===== PROVIDED MATERIAL
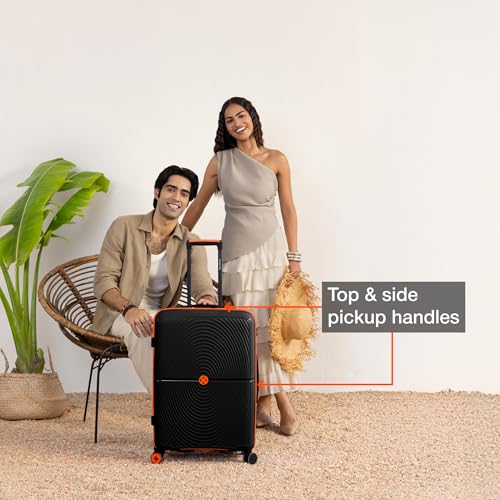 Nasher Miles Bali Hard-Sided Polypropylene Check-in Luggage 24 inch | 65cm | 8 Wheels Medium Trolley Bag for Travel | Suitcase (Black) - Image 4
==========
===== PROVIDED MATERIAL
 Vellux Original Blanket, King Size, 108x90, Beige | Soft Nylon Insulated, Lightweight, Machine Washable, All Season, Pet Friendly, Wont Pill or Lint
==========
===== PROVIDED MATERIAL
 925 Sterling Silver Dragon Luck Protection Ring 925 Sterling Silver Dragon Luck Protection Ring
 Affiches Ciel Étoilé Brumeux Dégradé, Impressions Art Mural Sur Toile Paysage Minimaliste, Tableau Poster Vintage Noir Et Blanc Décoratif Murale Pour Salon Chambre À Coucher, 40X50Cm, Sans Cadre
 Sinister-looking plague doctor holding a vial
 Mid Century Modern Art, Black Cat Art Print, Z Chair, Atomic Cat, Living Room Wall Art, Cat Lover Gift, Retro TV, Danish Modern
==========
What you give back must be the stretch above, starting at the line with "925 Sterling Silver Dragon Luck Protection Ring 925" and ending at the line with "Sinister-looking plague doctor", copied exactly.

 925 Sterling Silver Dragon Luck Protection Ring 925 Sterling Silver Dragon Luck Protection Ring
 Affiches Ciel Étoilé Brumeux Dégradé, Impressions Art Mural Sur Toile Paysage Minimaliste, Tableau Poster Vintage Noir Et Blanc Décoratif Murale Pour Salon Chambre À Coucher, 40X50Cm, Sans Cadre
 Sinister-looking plague doctor holding a vial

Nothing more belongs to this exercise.